Book Review: The Cuckoo's Calling by J.K. Rowling (as Robert Galbraith)


Hope you like swearing! And interviews!

So The Cuckoo's Calling is a fairly weak murder mystery from J.K. Rowling, who wrote it as a pseudonym, probably because it sucks. Now, it doesn't suck too much in terms of writing style; it's written competently, and the dialogue is very good, and the structure of the individual chapters is realistic and well composed. It sucks for reasons outside of those.

First up, the language. No need whatsoever for it to be so profanity-laden, and it does detract from the story. It also has some fairly ridiculous character names (the main character is named Cormoran Strike) and it has a very large plot hole that undoes the entire book. Below are spoilers.

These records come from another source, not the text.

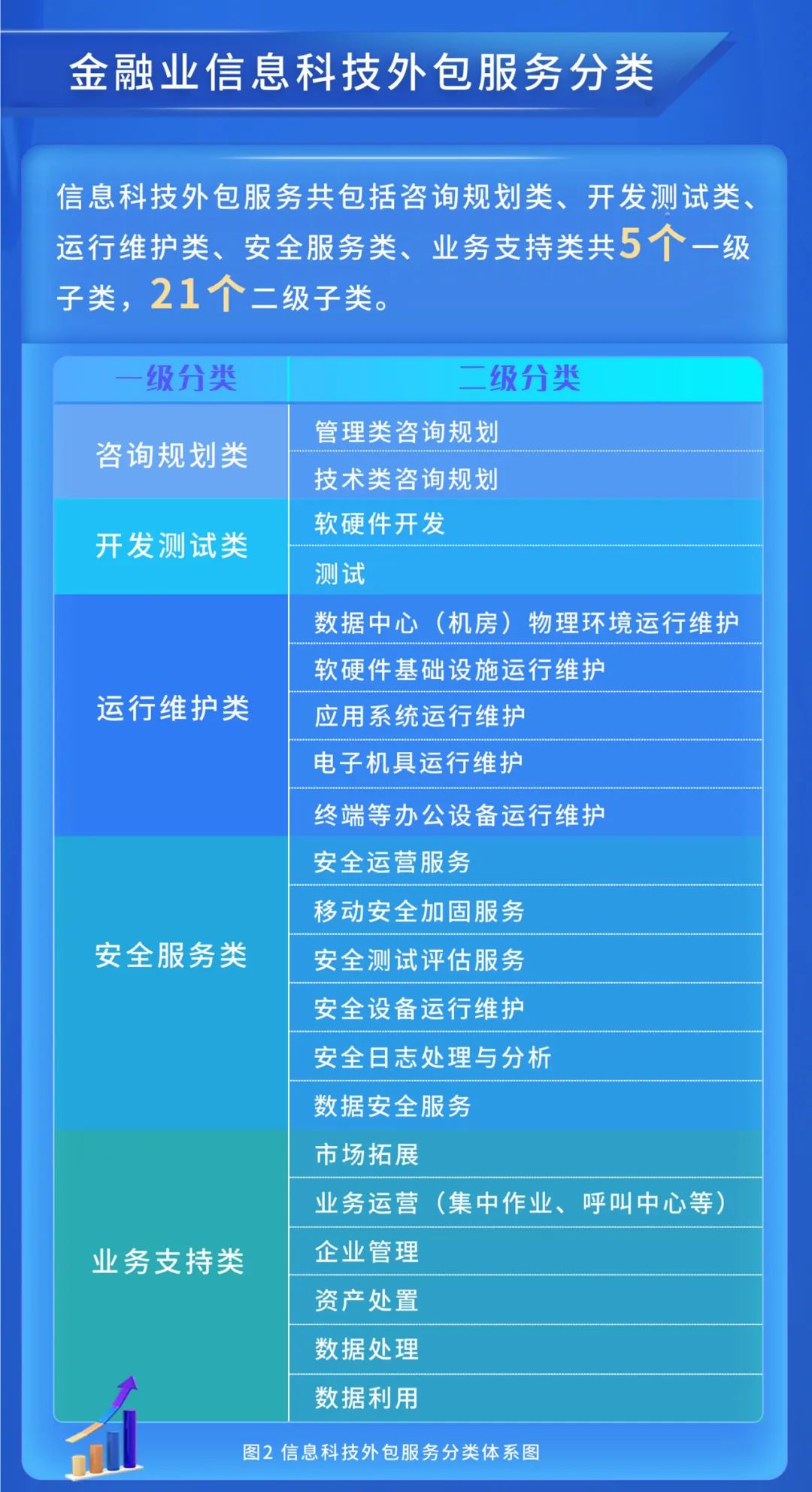 一图读懂《金融网络安全 信息科技外包评价指标数据元》(JR/T 0254-2022)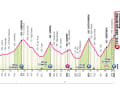 The profile of the 16th stage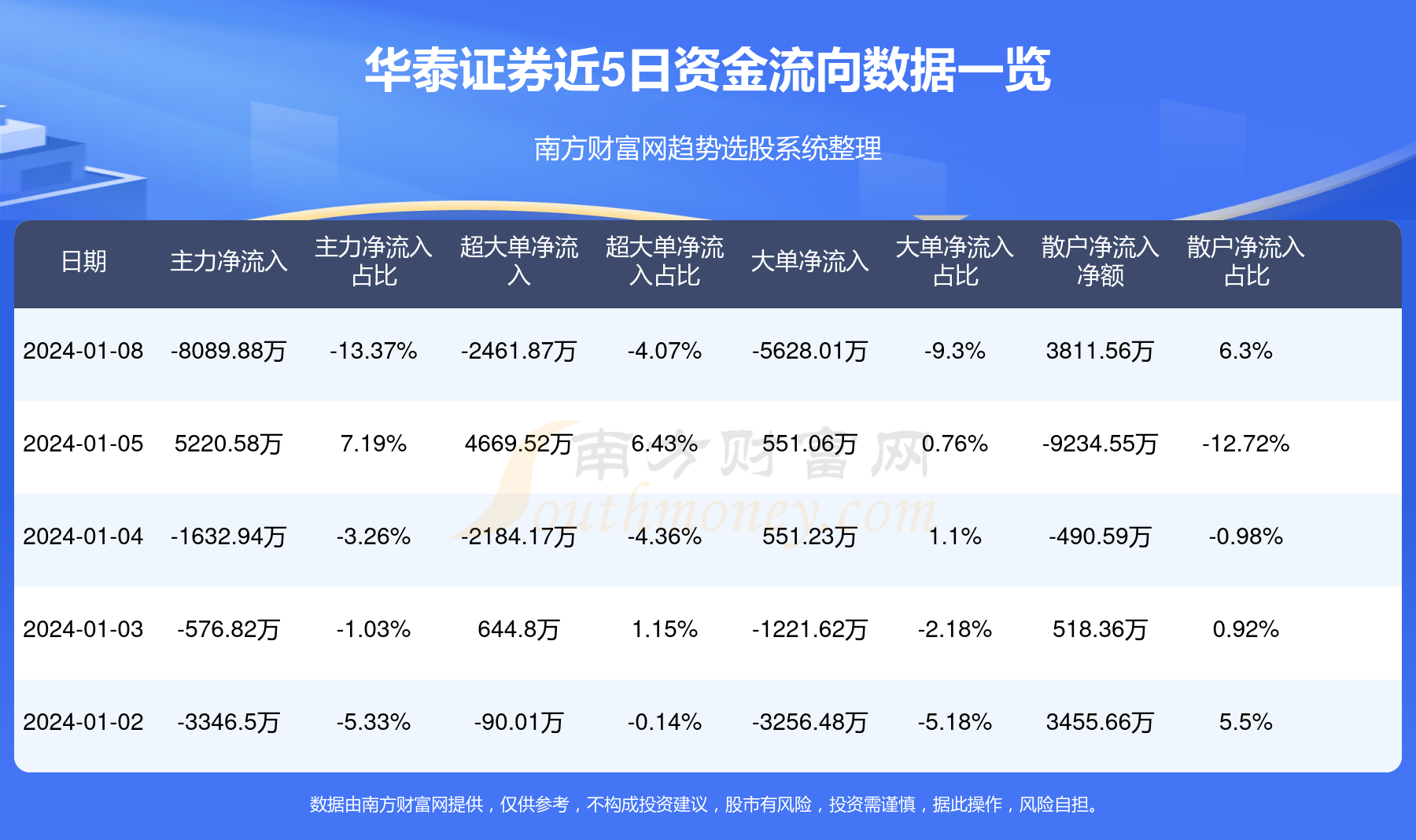 华泰证券创新前行，最新消息综述引领行业新动向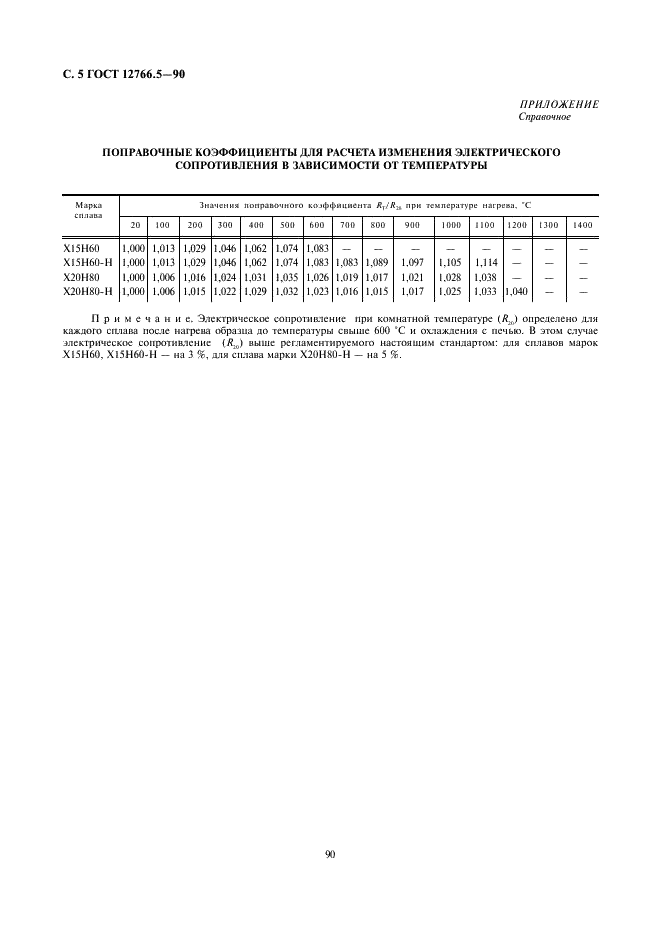 ГОСТ 12766.5-90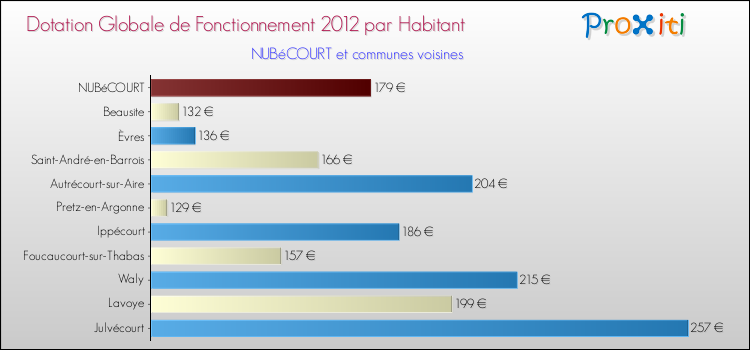 Montant des dotations globales de fonctionnement DGF par Habitant pour NUBéCOURT et les communes proches Comparaison des des dotations globales de fonctionnement DGF par habitant pour NUBéCOURT et les communes voisines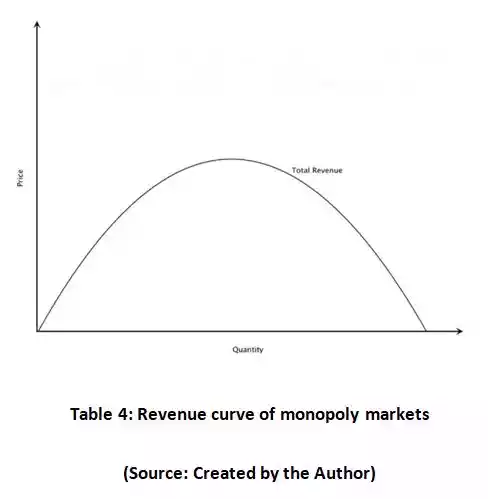 Revenue curve of monopoly markets in Research Essay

A supermodel is murdered, but everyone, including the police, are flatly convinced it is a suicide. The model's brother hires a failing private detective to investigate it, particularly the mystery of a masked runner who was caught on CCTV running away from the murder shortly after it was committed, very late at night.

It turns out that the runner was the model's long-lost brother, who was visiting her at 2 am and was masked. Uh-huh. He saw her fall from her apartment balcony, and it spooked him so he ran. And the brother who hired the private detective was the murderer. So....

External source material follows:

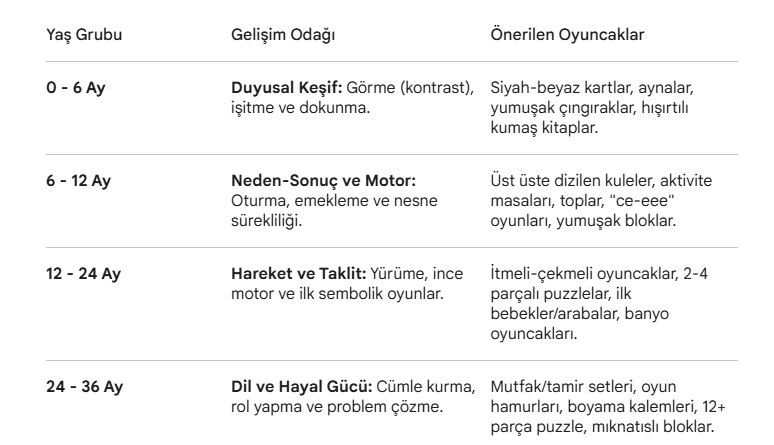 Yaş Grubuna Göre Gelişim ve Oyuncak Tablosu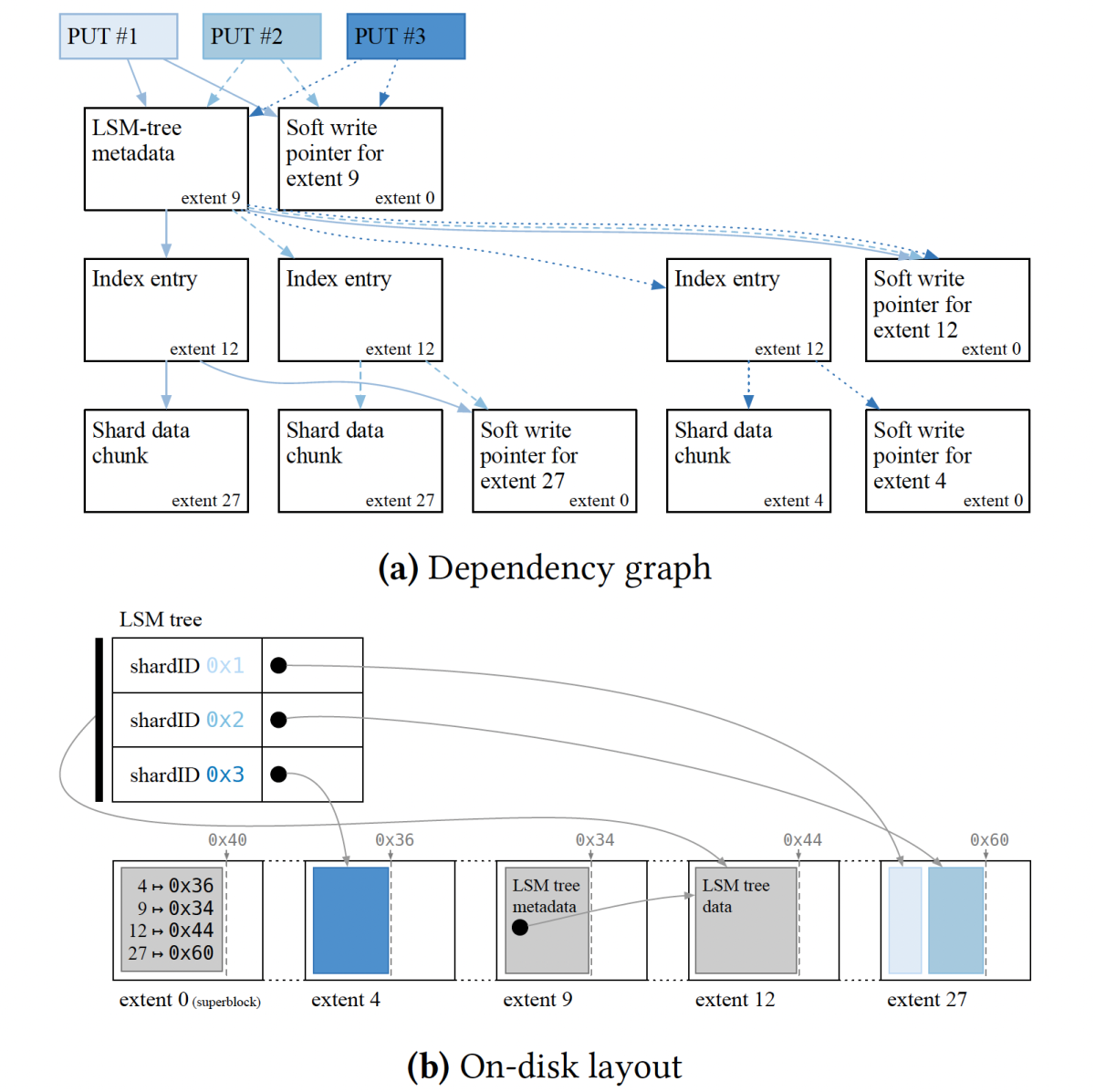 Dependency graph.png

1) Why did he hire a detective to prove that his sister was murdered? What murderer does that?
2) Why did the long-lost brother flee the scene, and why was he even there at all at 2 am? No one would do that. And why was he masked?

The answers the book provides:

1) None, although you sort of gather from the subtext that it was so the detective could find the long lost brother runner, who you assume is a 'loose end,' even though when they do find him he is 100% convinced he witnessed a suicide. Why put the detective onto the murder idea? Why not just do a missing person investigation, like to find the runner so you can see if he knew 'why the model killed herself.' There are far less risky ways to have gone about this without hiring a detective to basically convict you of murder.
2) "She was eccentric" and wanted him to come over late at night. He was masked because it was cold, officially, but unofficially it was so that he wouldn't be easily identified on the CCTV, thus giving a reason for this ridiculous plot to exist.

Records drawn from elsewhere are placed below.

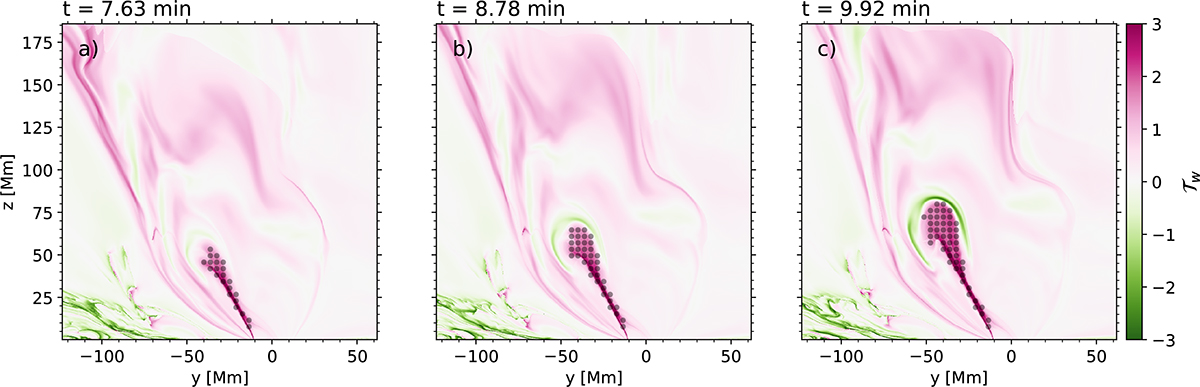 Fig. 8. Refer to the following caption and surrounding text.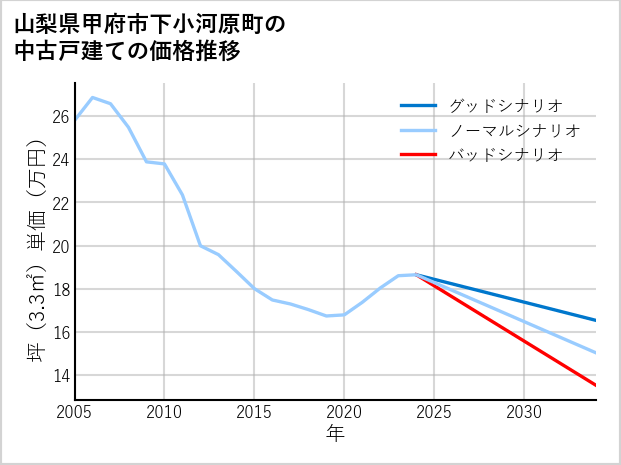 山梨県甲府市下小河原町の中古戸建て価格推移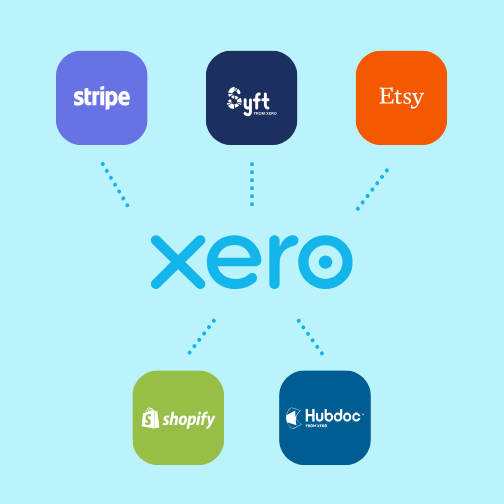 Xero built apps and integrations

There are other problems but it's not worth going into really, other than to say that 95% of the book is the detective interviewing suspects in real time. Each chapter is some other person he talks to and gets slightly more of the puzzle from. The limo driver, the fashion designer, the friend, blah blah blah.

It's not funny, it's not interesting, it's really not worth your time unless you're a dispassionate admirer of writing from a technical standpoint, and only then just on a chapter-level. Structure-wise, the book is a mess. Who wants to read 400 straight pages of witness interviews? There is no action in this book. Nothing happens to anyone. The detective makes appointments for his interviews and people go to them and he talks to them and writes it down.

I would say that I could write a better book, but of course if I could I would have done so by now and bloggers could be ripping on it AS WE SPEAK and I will chuckle from my writing mansion, saying 'sucks to be you, bloggers,' while I ride around on my solid gold horse. (It has wheels.)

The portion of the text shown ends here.